Cette meilleure réussite scolaire des filles est cependant à relativiser à l'aune de leurs choix de formation. Dès l'enseignement secondaire, les filles et les garçons se répartissent dans les différentes filières de manière nettement différenciée, ces filières scolaires sexuées influant sur l'orientation post-baccalauréat, de nombreuses formations de l'enseignement supérieur étant peu mixtes. Ainsi, 15 % des filles et 20 % des garçons titulaires d'un baccalauréat S poursuivent dans l'enseignement supérieur via une classe préparatoire aux grandes écoles.

Ainsi que l'a indiqué Agnès Netter, cheffe de la mission « Parité et lutte contre les discriminations » du ministère de l'Éducation nationale lors de son audition par la délégation le 25 octobre 2012 :

« - à l'université, les étudiantes représentent 72 % de l'effectif en Lettres et Sciences du langage, mais seulement 28 % de celui en Sciences fondamentales ;

- les femmes représentent 56,5 % des étudiants en licence mais plus que 48 % des étudiants en doctorat ;

- les femmes représentent 57 % des étudiants en université, mais seulement 42 % en classes préparatoires aux grandes écoles (CPGE) et 27,5 % en écoles d'ingénieurs ;

- 93,5 % des étudiants en instituts universitaires de technologie (IUT) Génie électrique et informatique industrielle sont des hommes mais on n'en dénombre que 20,6 % en IUT Carrières sociales ».

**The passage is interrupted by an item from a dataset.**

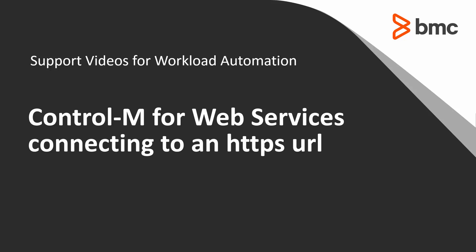Welcome to the support videos for Workload Automation. This video will demonstrate how to connect to an HTTPS URL using Control-M for web services.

Elle explique ces biais dans l'orientation par la prégnance des stéréotypes sexués : « des études de psychologie sur le thème des jeunes filles et des mathématiques ont montré que les filles réussissaient aussi bien un exercice que les garçons lorsque ce dernier était présenté sous l'angle d'un dessin à analyser ; en revanche, elles avaient de moins bons résultats lorsque celui-ci leur était présenté comme un problème de géométrie descriptive ; ce mécanisme d'autolimitation implicite des filles existe tant à l'école primaire, que dans le secondaire ou dans les écoles d'ingénieurs ».

Un chiffre révélateur : 60 % des filles qui se jugent très bonnes en mathématiques vont en 1ère S, contre 80 % des garçons.

La réussite scolaire des filles n'a donc pas eu raison de la ségrégation professionnelle horizontale qui cantonne encore les femmes dans un nombre réduit de professions, les moins rémunératrices, et de la ségrégation verticale dans ces mêmes professions où, bien que majoritaires, elles deviennent de moins en moins présentes quand on s'élève dans la hiérarchie.


* 13 Simone de Beauvoir, « Le deuxième sexe », chapitre XIV, « La femme indépendante », Folio, tome II, p. 587.

* 14 « Un siècle de travail des femmes - 1901-2011 », Margaret Maruani et Monique Meron.